Morris applauds 1980s and 1990s conservatives for freeing markets and deregulating the financial industry, especially following the unsuccessful economic experiments of the 1970s that brought wage and price controls as well as mind-numbing taxes and regulatory schemes. But now, he says, “a quarter-century of Chicago school piloting has brought us . . . to a debacle on at least the scale of the one caused by the liberal crackup of the 1970s.”

Toward the end of the book, Morris tackles other current social challenges, like healthcare and social security, arguing opportunistically against an unidentified opponent. He writes that ideological battles over the government’s role in solving these challenges are futile and argues rather weakly, in my opinion that as zero government involvement is not possible, then the government should be responsible for taking the lead.

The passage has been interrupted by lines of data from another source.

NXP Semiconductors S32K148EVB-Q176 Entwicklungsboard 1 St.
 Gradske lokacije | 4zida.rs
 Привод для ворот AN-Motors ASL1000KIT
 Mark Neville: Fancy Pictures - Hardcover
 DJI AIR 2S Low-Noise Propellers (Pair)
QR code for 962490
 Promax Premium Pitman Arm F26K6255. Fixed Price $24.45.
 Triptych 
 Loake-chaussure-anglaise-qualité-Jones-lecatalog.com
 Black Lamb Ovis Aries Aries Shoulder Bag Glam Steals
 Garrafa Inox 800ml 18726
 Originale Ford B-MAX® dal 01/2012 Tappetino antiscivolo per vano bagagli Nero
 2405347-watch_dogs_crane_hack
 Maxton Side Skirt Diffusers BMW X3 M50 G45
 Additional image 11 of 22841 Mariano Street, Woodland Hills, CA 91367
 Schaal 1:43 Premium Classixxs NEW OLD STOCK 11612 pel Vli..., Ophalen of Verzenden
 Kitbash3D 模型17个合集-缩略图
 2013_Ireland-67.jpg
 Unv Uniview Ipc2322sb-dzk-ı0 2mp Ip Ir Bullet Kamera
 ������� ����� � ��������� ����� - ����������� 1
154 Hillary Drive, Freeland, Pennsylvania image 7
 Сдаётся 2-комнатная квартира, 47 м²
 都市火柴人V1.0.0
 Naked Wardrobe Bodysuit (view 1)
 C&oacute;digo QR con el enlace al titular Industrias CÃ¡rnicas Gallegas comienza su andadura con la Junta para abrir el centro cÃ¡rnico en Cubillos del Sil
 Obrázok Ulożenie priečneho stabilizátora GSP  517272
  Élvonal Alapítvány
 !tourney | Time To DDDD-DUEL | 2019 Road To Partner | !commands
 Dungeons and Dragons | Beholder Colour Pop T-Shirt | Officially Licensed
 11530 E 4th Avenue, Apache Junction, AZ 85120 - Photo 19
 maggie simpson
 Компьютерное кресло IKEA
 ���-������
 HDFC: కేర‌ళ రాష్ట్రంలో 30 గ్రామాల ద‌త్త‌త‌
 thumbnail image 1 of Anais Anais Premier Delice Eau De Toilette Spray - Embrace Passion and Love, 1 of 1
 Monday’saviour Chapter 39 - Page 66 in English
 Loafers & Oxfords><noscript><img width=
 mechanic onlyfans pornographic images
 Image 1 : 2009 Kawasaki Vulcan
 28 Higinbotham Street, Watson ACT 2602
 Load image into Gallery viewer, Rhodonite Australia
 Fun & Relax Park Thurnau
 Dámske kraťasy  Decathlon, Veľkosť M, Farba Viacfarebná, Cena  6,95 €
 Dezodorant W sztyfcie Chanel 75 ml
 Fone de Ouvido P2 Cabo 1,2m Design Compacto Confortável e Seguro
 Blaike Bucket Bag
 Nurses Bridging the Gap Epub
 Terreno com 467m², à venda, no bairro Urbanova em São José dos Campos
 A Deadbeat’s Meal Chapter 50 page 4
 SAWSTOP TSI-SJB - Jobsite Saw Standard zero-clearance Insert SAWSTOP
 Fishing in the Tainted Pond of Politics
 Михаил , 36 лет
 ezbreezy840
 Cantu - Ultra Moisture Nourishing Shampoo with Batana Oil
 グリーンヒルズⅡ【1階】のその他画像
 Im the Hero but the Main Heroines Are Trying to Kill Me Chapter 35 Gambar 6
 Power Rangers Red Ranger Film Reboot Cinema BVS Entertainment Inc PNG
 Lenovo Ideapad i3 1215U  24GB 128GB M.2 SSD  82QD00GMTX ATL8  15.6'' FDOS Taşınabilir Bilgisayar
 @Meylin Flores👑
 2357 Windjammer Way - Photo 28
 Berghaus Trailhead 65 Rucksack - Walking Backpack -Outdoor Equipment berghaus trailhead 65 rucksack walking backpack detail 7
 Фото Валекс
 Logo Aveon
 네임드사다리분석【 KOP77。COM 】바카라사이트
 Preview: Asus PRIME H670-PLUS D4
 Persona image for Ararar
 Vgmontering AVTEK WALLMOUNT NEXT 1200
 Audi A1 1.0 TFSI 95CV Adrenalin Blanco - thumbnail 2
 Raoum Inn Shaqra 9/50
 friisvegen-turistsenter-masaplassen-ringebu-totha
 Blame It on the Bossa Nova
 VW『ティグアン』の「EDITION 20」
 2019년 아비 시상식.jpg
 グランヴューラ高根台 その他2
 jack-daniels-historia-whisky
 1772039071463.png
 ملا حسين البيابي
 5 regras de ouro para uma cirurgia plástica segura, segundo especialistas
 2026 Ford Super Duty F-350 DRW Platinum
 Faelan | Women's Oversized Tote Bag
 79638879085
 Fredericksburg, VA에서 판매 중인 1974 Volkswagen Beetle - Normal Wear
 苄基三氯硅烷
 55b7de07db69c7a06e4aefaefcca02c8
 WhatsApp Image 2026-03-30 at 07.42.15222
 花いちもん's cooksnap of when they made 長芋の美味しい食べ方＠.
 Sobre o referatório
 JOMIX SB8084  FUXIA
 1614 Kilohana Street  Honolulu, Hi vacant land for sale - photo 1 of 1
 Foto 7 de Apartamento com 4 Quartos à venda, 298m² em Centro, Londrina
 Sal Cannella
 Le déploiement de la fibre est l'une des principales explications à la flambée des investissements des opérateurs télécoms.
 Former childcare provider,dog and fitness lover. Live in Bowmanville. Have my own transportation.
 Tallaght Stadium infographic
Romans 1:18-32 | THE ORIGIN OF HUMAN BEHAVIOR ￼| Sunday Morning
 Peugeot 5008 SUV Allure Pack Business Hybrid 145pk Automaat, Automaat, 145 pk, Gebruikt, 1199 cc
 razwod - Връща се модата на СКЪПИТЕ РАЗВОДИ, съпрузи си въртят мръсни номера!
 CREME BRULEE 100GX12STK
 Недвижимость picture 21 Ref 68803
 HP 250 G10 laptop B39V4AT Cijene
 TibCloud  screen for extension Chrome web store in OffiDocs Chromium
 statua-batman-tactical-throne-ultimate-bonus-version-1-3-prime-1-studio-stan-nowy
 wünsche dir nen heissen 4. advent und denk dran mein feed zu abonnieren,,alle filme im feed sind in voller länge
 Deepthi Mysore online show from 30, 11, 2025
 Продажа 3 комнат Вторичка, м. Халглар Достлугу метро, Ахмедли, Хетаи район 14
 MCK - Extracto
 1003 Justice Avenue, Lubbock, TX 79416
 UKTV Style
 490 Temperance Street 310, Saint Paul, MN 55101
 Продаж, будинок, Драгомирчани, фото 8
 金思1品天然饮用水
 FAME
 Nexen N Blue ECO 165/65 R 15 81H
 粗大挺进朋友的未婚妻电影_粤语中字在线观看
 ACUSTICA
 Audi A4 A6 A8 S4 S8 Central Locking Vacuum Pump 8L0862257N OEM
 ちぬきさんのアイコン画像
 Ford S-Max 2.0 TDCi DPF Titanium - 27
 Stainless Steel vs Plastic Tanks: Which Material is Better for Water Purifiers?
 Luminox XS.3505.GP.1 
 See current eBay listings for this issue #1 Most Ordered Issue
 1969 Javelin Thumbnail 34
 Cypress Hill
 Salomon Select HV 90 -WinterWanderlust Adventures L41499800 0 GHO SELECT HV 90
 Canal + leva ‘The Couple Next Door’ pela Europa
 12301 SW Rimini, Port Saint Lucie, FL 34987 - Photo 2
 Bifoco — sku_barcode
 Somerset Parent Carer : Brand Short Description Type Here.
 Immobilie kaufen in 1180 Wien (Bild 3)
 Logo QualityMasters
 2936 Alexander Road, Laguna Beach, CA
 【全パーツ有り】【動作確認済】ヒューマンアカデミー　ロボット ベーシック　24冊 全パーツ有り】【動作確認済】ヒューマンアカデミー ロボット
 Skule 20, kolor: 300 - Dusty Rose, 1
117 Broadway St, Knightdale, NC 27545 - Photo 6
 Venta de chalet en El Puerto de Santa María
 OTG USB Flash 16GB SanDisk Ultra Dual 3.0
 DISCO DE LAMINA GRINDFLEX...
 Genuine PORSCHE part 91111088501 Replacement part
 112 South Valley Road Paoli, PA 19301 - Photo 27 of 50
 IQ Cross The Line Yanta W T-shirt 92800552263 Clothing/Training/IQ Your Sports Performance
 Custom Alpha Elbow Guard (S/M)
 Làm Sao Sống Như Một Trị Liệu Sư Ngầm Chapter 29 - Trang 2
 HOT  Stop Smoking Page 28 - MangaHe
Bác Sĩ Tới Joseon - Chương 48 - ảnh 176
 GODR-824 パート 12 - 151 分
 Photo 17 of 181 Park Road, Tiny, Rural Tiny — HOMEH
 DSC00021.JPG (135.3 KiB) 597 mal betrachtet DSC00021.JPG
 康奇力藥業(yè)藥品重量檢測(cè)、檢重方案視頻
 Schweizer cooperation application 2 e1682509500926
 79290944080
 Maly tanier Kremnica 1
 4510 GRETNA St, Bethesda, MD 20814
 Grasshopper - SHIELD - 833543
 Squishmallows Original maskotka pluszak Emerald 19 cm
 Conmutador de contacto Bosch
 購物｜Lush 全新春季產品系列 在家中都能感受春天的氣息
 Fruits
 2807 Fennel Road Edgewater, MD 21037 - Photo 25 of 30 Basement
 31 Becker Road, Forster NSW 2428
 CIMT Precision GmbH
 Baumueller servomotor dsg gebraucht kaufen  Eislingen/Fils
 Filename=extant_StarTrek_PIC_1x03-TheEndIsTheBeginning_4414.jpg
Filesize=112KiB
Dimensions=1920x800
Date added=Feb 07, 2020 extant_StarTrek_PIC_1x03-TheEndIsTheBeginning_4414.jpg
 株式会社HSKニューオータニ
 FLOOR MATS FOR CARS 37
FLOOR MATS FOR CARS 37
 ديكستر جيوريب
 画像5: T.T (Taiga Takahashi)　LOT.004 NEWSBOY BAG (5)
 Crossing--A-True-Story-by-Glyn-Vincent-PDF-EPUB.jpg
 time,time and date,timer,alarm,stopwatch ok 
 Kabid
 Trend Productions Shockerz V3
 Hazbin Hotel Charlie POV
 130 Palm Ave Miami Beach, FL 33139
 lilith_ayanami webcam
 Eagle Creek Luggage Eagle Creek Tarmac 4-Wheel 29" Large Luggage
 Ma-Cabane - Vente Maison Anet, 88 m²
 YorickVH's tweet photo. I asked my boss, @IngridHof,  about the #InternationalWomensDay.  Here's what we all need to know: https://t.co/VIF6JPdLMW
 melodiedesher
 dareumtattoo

His faith in government-based solutions is confirmed when he woefully concludes: “I won’t speculate on possible solutions, but they will involve an expansion of government.”

To a skeptic, Morris’ interesting early analysis ends with a tired refrain calling for vague and undefined government expansion, without any articulation of related responsibilities and accountabilities for his proposed expanded bureaucracy. Given this century’s already prolific federal government expansion and the government’s sizable role in causing the credit meltdown, a much more promising approach may be to redirect the existing bureaucracy toward controlling deficit spending, limiting the bloated money supply, and correcting the government’s chronic oversight failures.